The Honorable Edward M. Kennedy The Honorable Michael B. Enzi

Chairman and Ranking Member

Committee on Health, Education, Labor Committee on Health, Education,

and Pensions Labor and Pensions

United States Senate United States Senate

Washington, DC 20510 Washington, DC 20515

 

Dear Senators:

 

We thank you for your impressive leadership to reform our country’s health system and we

believe the “Affordable Health Choices Act,” released by your Committee on June 9, 2009,

represents a tremendous step forward in our mutual efforts to advance comprehensive health

legislation this year. Collectively, our organizations represent millions of consumers, patients,

providers and workers, many of whom are struggling to afford the care they need to maintain

their health and safety as well as their jobs and quality of life.

 

In particular, we share your commitment to reforms that will lead to a high-performing health

system and applaud your efforts to ensure that all health insurance plans in the non-group and

small group market would be required to provide a broad range of health benefits.
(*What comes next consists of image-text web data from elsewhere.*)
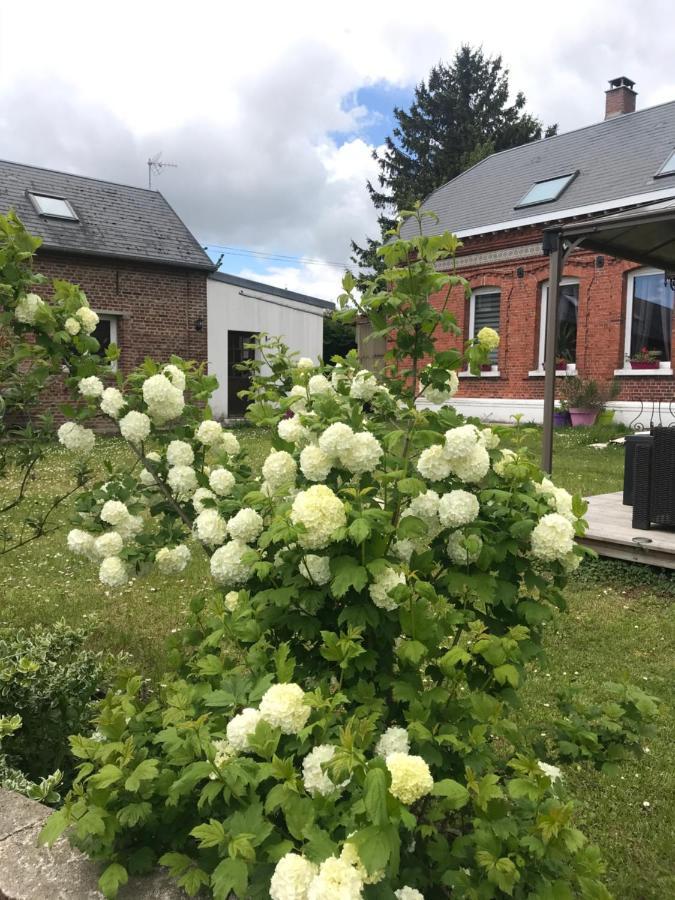 Chambre D'Hotes "Coquelicot" Nurlu Exterior foto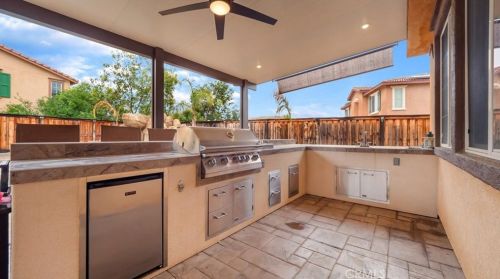 41062 Crimson Pillar Ln, Lake Elsinore CA  92532-1550 exterior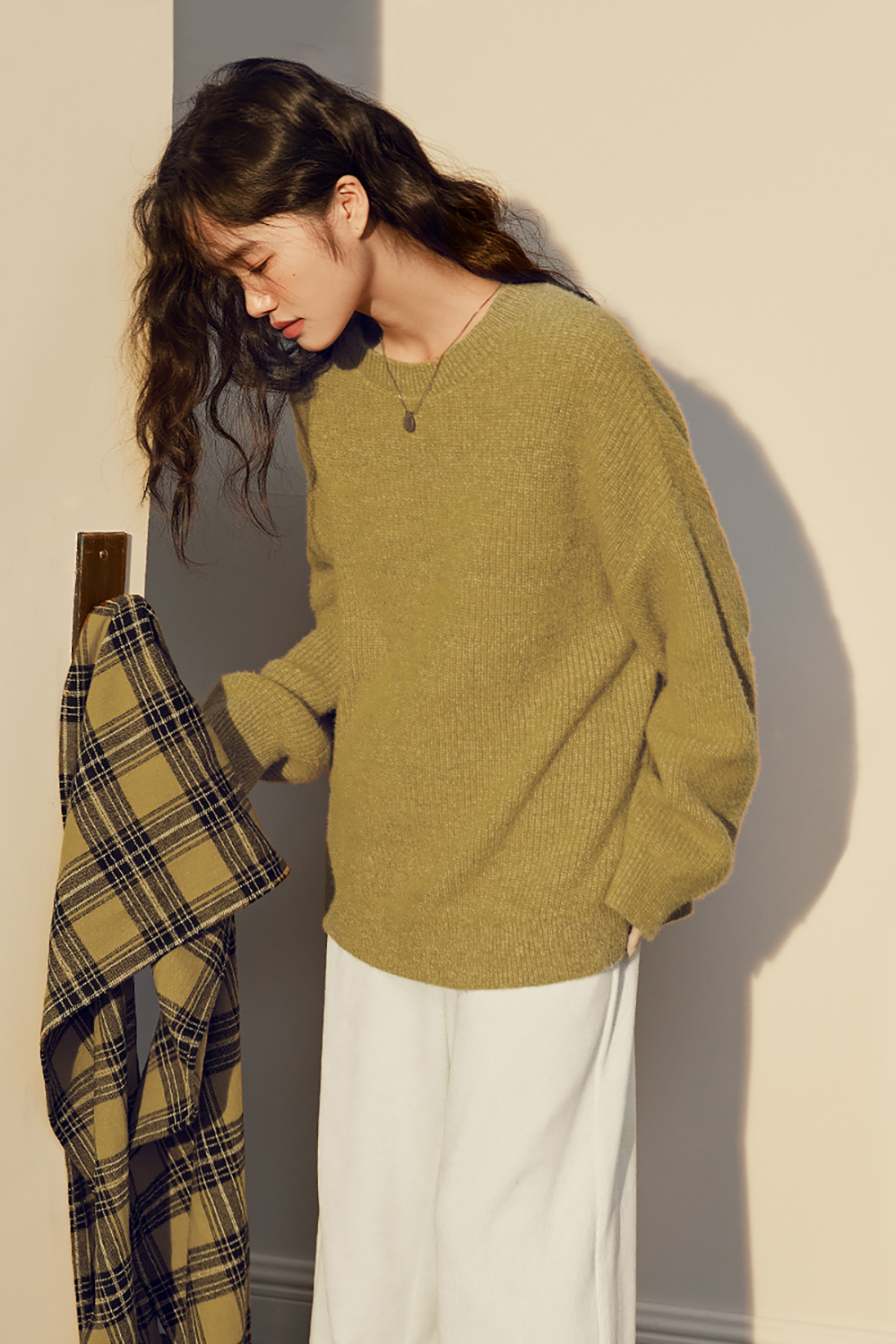 Lazy wind soft long section round neck sweater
Such a

requirement is essential to ensure that coverage is truly meaningful. Further, no health reform

package should cause people to lose coverage they currently enjoy.

 

As the “Affordable Health Choices Act” moves towards mark up, we urge you to ensure

individuals have access to a meaningful benefit package in the following two ways:

 

• First, Do No Harm by opposing any amendment that would preempt or roll back state

benefit laws that ensure coverage of critical services and supplies that address people’s

health care needs; and

 

• Second, we urge you to support changes to the bill that would improve the development

of a federal benefit standard by requiring the Medical Advisory Council to engage in a

fully open, transparent, and inclusive process that ensures full engagement of consumers,

patients, workers and providers.

 

Preservation of State Benefit Laws

We are pleased that the “Affordable Health Choices Act” clearly preserves critical state benefit

laws and sets the federal benefits package as the “floor” for coverage available to consumers.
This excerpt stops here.